Somewhere north of Las Vegas but south of Tonapah, while savoring a bag of Nacho Cheese Dorritos, I asked my fellow burners if they had any idea where the Nacho Cheese on the chips actually came from. They all shrugged as we listened to the eighth song by "The Doors" in a row. "Tank Car #47." was my response. My fellow passengers glanced at me with a collective, "Huh?".
"Tank Car #47", I repeated. "Allow me to explain.", and I related the following tale.
While attending high school back in 1974 I had to take chemistry class. I don't know if they still require these types of classes in high school, but considering the liability of using Bunsen burners and playing with chemicals in modern society, I sort of doubt it. I can't say I was a great chemistry student. Most of my mental ability as a 16 year old was taken up by thinking about girls and cars. Molecular structure and chemical reactions were not high on my list. However, I was lucky to have an old school chemistry teacher that was no slouch. He knew how to impress.
So on one cold, fall, South Dakota day, I sat in the front row of chemistry class as the teacher handed out a list of chemicals along with instructions for what to do with them. I could have cared less. What was the point? But since I was stuck there for 45 minutes, might as well make the best of it. I mixed the chemicals together, then emulsified them (dissolved them in water) and then I put the mixture on top of a burner to vaporize (boil) it, and then trapped the emitted steam in a jar and placed it upside down on my desk.
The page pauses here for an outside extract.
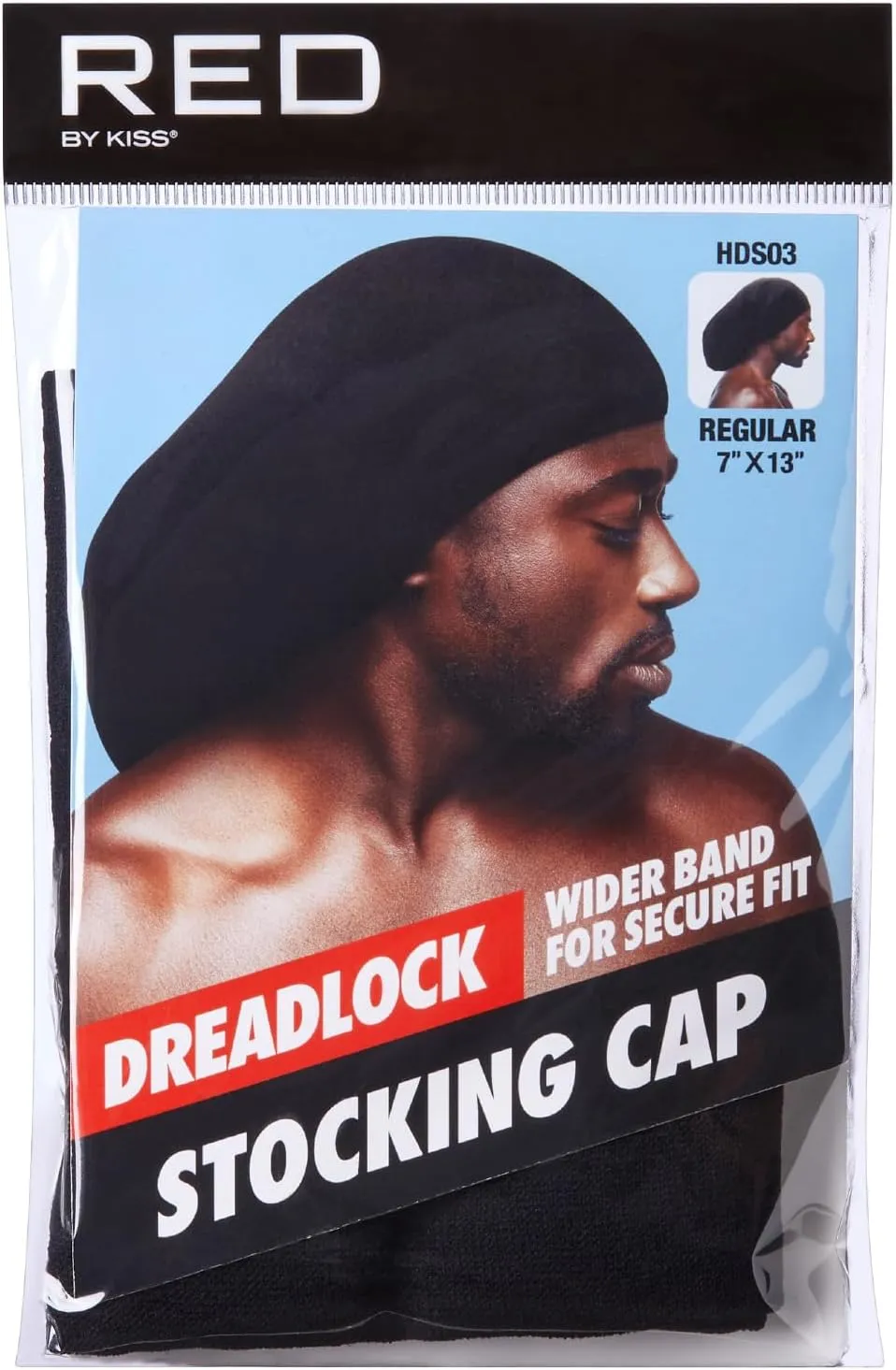 Red by Kiss Dreadlock Stocking Cap, Secure Stretchy Fit for Long & Locs Hair, Soft & Lightweight, Breakage & Lint Protection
This took about 30 minutes in all. Once the seemingly empty jars had cooled the teacher told us to pick them up, remove the blotter from beneath them and smell the contents. Smell the contents? WTF?
As I did, a rush of Juicy Fruit gum invaded my nose. It smelled like there were 30 packs of gum inside the jar. "This smells like chewing gum.", I exclaimed!
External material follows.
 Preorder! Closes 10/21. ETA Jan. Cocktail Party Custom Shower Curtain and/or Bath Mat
"Where do you think the flavor comes from? Juicy Fruit Trees?", was the teacher's response.
That was the eye opener. It was then that I realized that all the stuff I put in my mouth, didn't necessarily grow out of the ground. It grew out of a factory. So when ever I am stopped at a railroad crossing and watching the freight trains roll by with dozens of tank cars in tow, I guess what is inside each one; cooking oil, red dye #3, nacho cheese emulsion, juice fruit syrup, motor oil, windshield washer fluid...etc.
At the thought of this, my fellow burners made a collective 'ewwww' and stopped eating their processed, packaged snacks....for about 2 minutes.
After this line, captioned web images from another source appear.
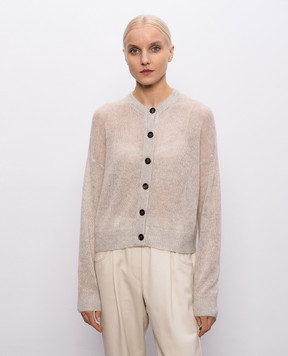 Brunello Cucinelli Beige wool cardigan with lurex MBG775506P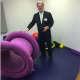 Dennis W. Perry in the occupational therapy room at the new Abilis facility in Stamford.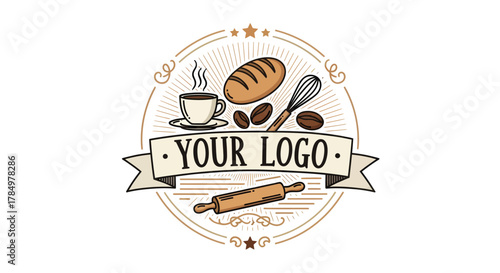 Charming Bakery and Coffee Shop Emblem with Vintage Style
After that, our fellow burner from back east pointed up at the sky and said, "See those chem-trails? I read that the Federal Government puts additives in jet fuel that secretly seeds the atmosphere in order to change the weather.
We all looked at each other in silence. For the rest of the trip we never looked at a freight train or a jet contrail the same.
The trip just got more and more strange after that.